Leaving out pictures, output exactly the lines below from the one that has "George Carlin, host" through the one that has "This is going", and nothing else.

(Collected data entries)
"""
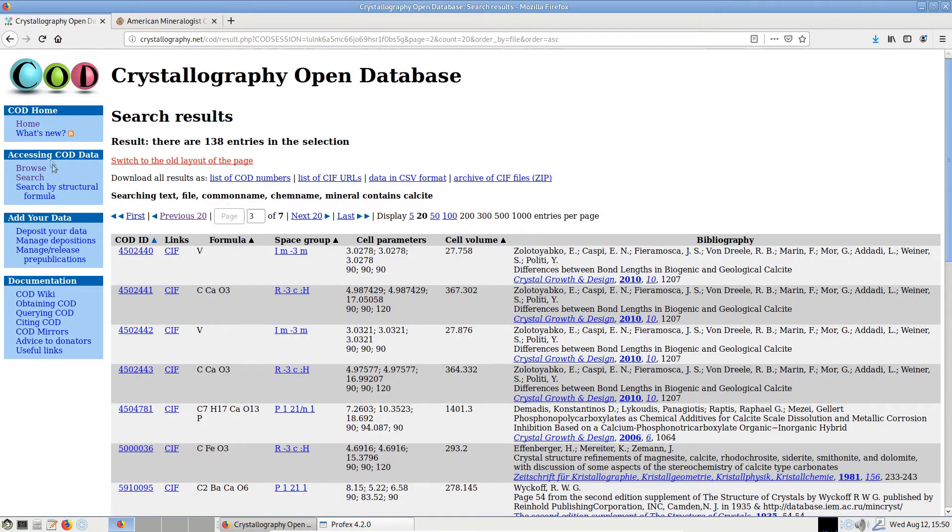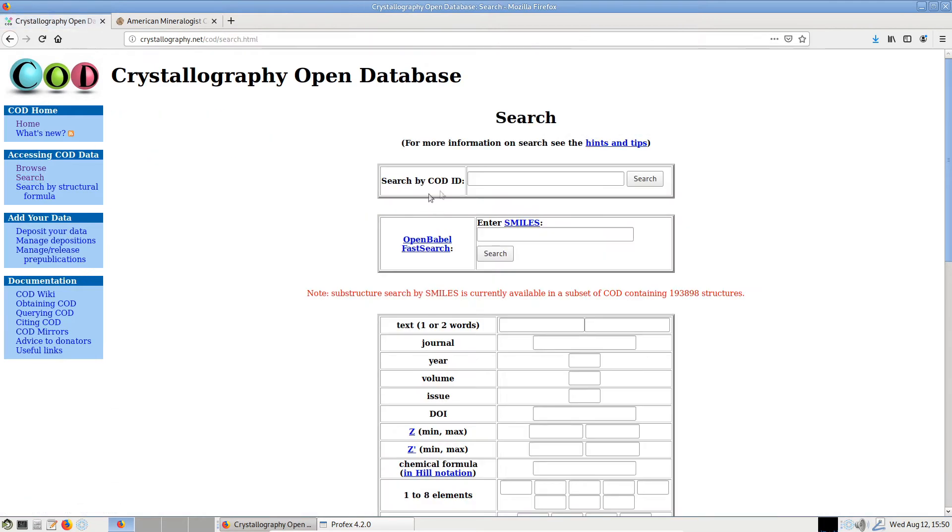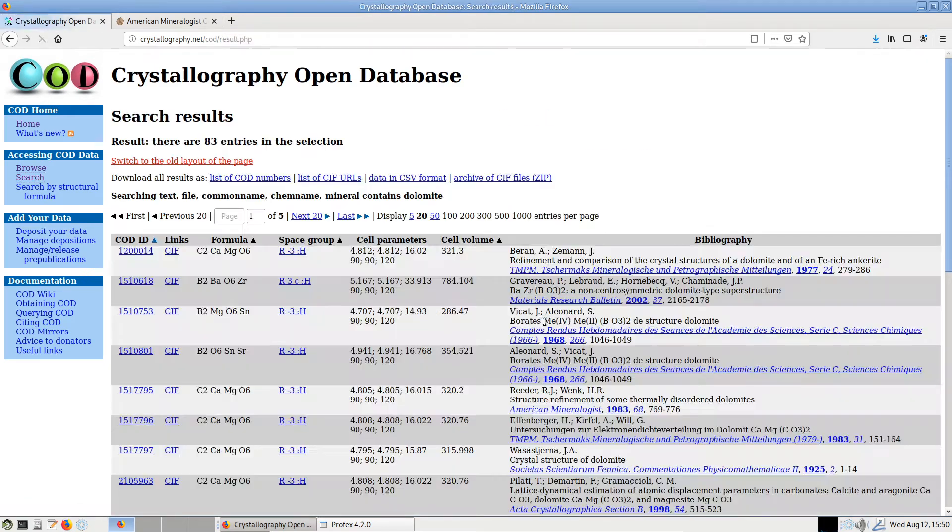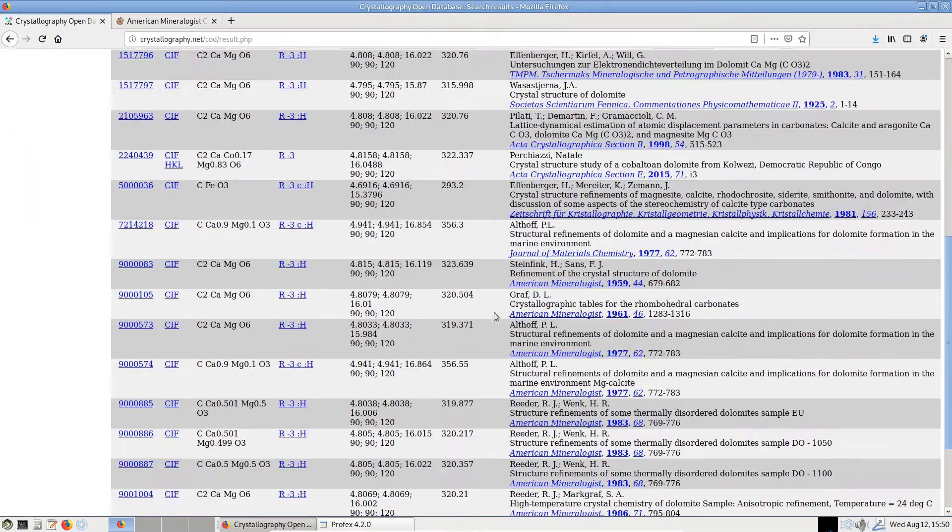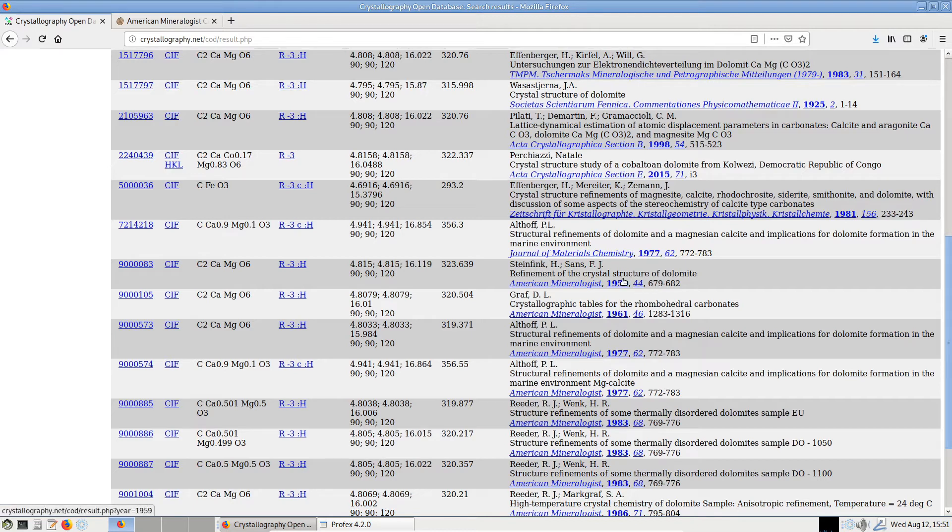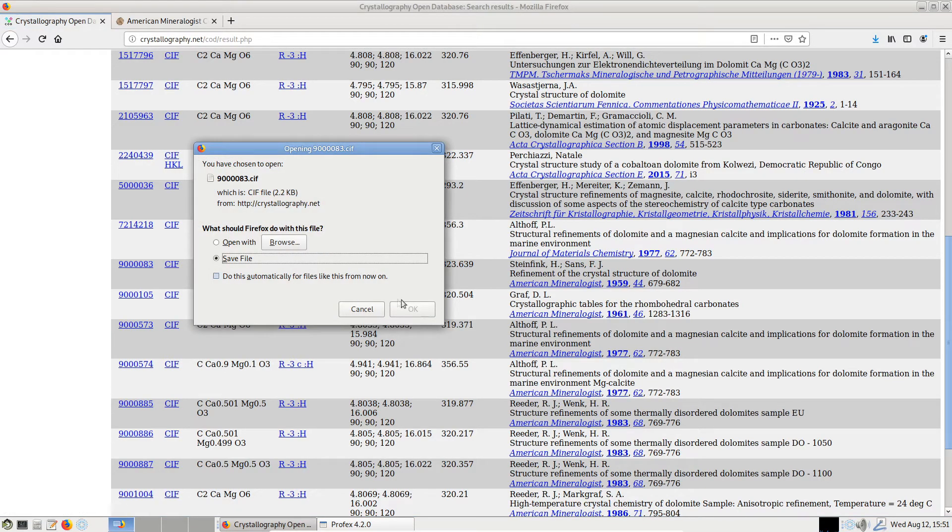Maybe let's search for dolomite. And maybe take this file - it's very old, it's from 1959, but let's just take this one.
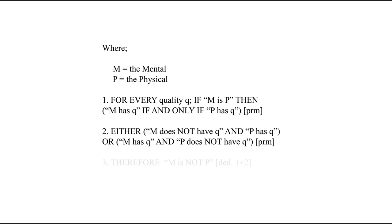The second line then proposes that the mental lacks some quality that the physical has, or that the mental has some quality that the physical lacks. It doesn't matter too much what the quality in question is. Typically, it's something like the physical being located in space, while the mental is not, or the mental having qualities like conscious awareness or aboutness, which the physical lacks.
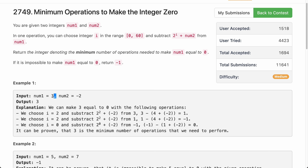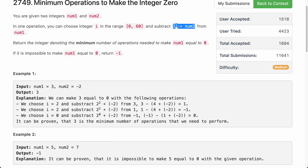Let's take an example. Let's say num1 is 3 and num2 is minus 2. We have to convert 3 to 0 by subtracting some 2 to the power i plus num2 from 3. If we apply the operation with i equals to 2, that gives us 2 to the power 2 plus num2, which is 4 minus 2 equals 2. So we are subtracting 2 from 3, and after one operation the value of num1 would be 1.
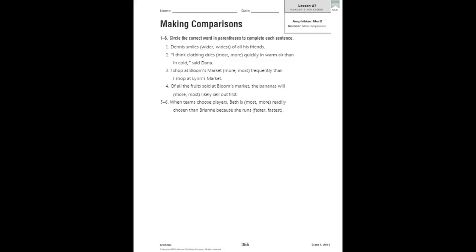We're going to have a weekly review and a connect to writing today and proofreading. So we're going to talk about making comparisons because that's what our first two lessons in video one were about.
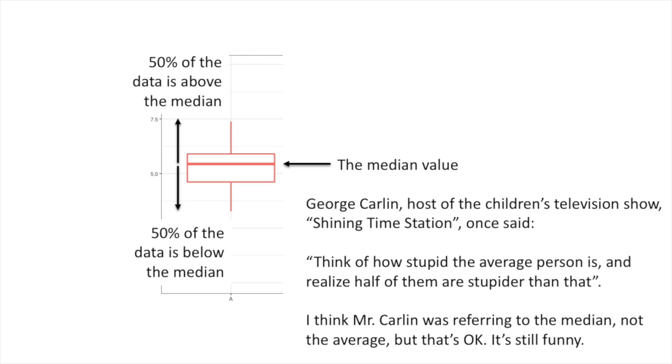George Carlin, host of the children's television show Shining Time Station, once said, think of how stupid the average person is and realize that half of them are stupider than that. I think Mr. Carlin was referring to the median, not the average, but that's okay. It's still funny.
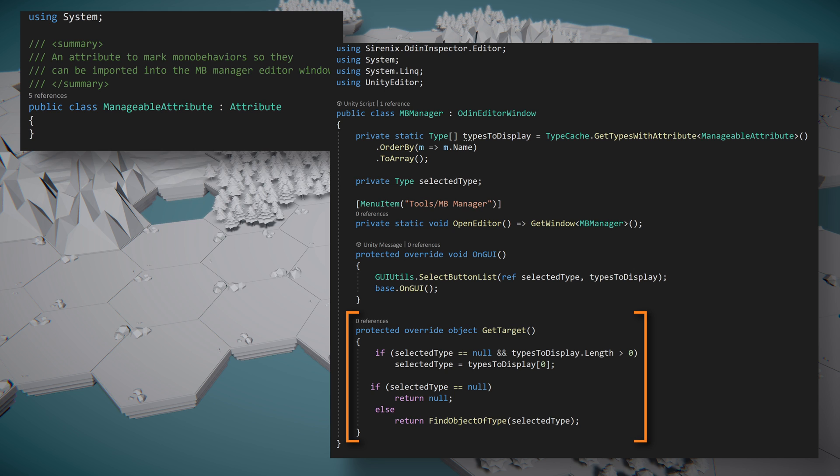If selected type is not null, we can search the scene with FindObjectOfType and return the object that is found. If the type can't be found in the current scene, we'll return null and nothing will be drawn in the window for that particular type.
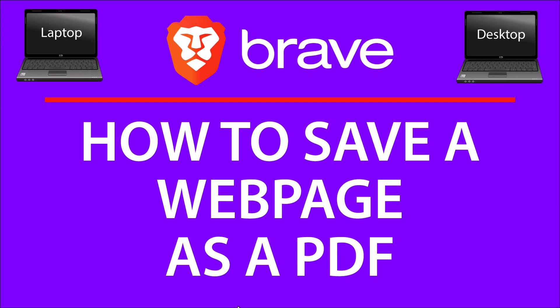This is going to be a video tutorial on how to save a webpage as a PDF using the Brave web browser. I will be using a desktop PC for this. Let me jump over to the Brave browser.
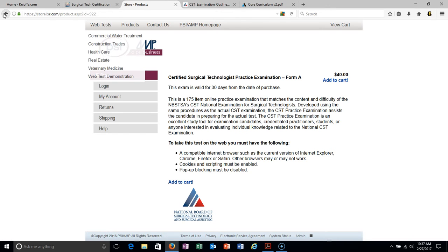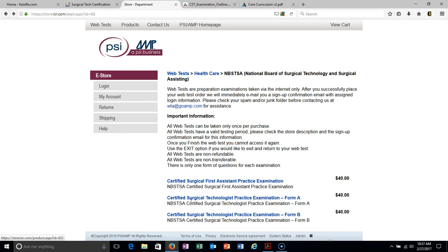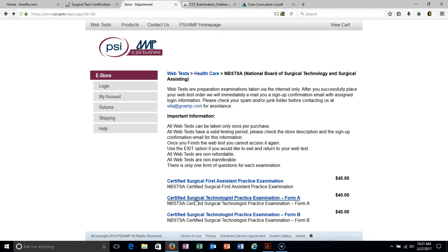I did purchase both and used them to help me study for the exam. I will go over my practice exam results in another video so that might help somebody avoid having to buy it. I purchased them, so I can share my practice exam with you. I believe I don't see why I wouldn't be able to — I'll go over that in another video.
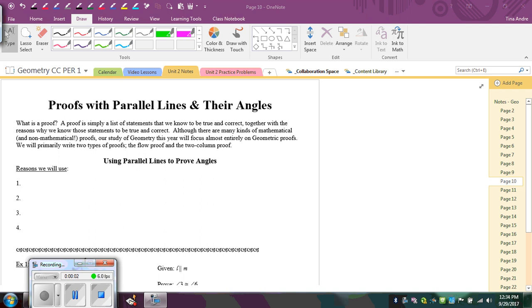In this video we're going to learn about proofs using parallel lines and the angles that are formed when we have two parallel lines cut by a transversal.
"""
Reply to the task
George Carlin, host of the children's television show Shining Time Station, once said, think of how stupid the average person is and realize that half of them are stupider than that. I think Mr. Carlin was referring to the median, not the average, but that's okay. It's still funny.
If selected type is not null, we can search the scene with FindObjectOfType and return the object that is found. If the type can't be found in the current scene, we'll return null and nothing will be drawn in the window for that particular type.
This is going to be a video tutorial on how to save a webpage as a PDF using the Brave web browser. I will be using a desktop PC for this. Let me jump over to the Brave browser.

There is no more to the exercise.